Use Your Community Resources [Principle 10]
Community resources can be a double-edged sword; on the one hand, systems that have faced public scrutiny can benefit from the collective effort to break them. But nefarious individuals aren’t interested in publicizing the flaws they identify in open systems, and even large communities of developers have trouble resolving all of the flaws in such systems. Relying on publicly available information can expose your own system to risks, particularly if an attacker is able to identify similarities between your system and public ones.
Transfer learning is a particularly relevant issue to ML systems. While transfer learning has demonstrated success in applying the learned knowledge of an ML system to other problems, knowledge of the base model can sometimes be used to attack the student [wang18]. In a more general sense, the use of publicly available models and hyperparameters could expose ML systems to particular attacks. How do engineers know that a model they use wasn’t deliberately made public for this very purpose?
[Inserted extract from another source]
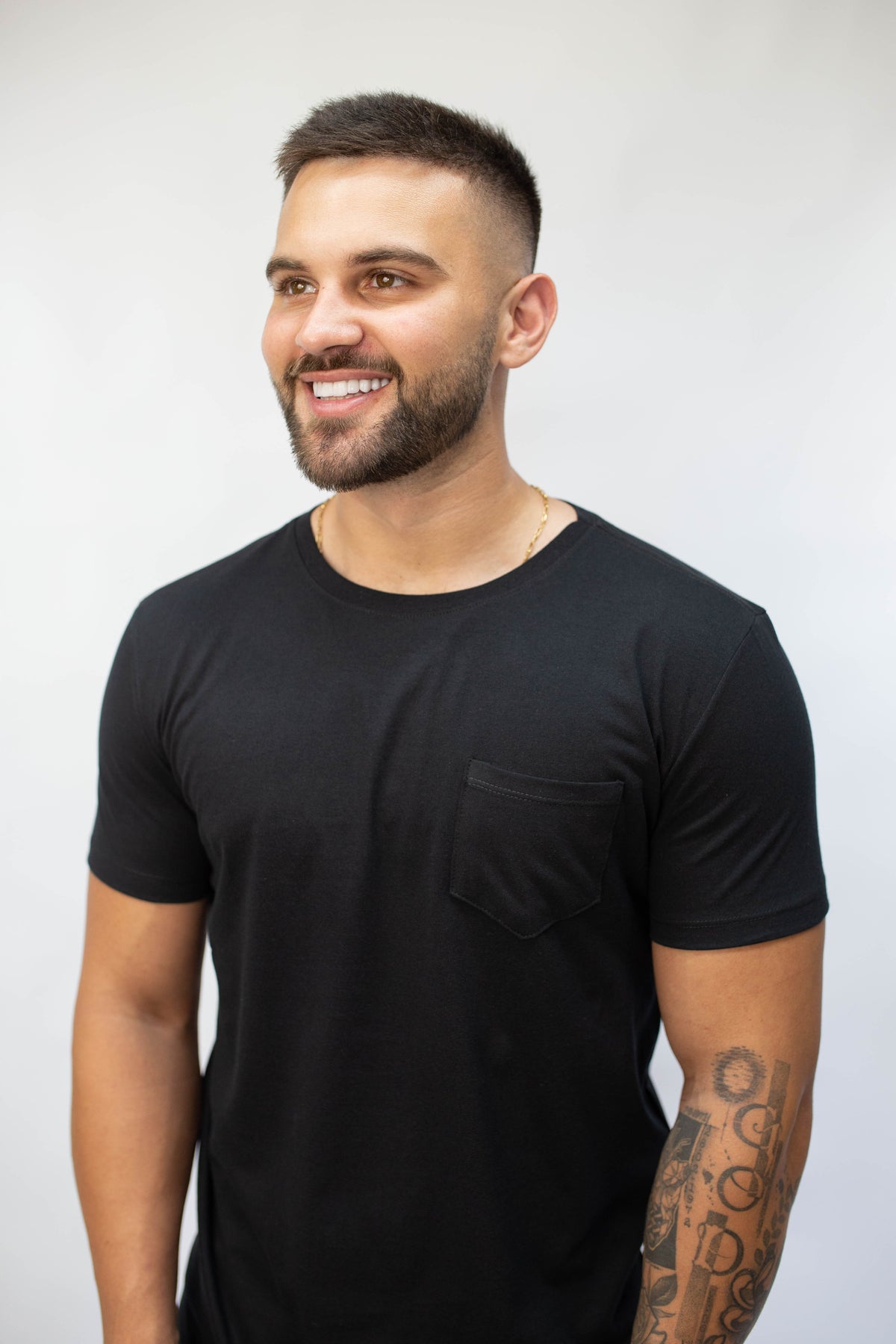 Camiseta B sica Masculina Com Bolso Preta camiseta-b-sica-masculina-com-bolso-preta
Public datasets used to train ML algorithms are another important concern. Engineers need to take care to validate the authenticity and quality of any public datasets they use, especially when that data could have been manipulated by unknown parties. At the core of these concerns is the matter of trust; if the community can be trusted to effectively promote the security of their tools, models, and data, then community resources can be hesitantly used. Otherwise, it would be better to avoid exposing systems to unnecessary risk. After all, security problems in widely-used open-source projects have been known to persist for years, and in some cases decades, before the community finally took notice.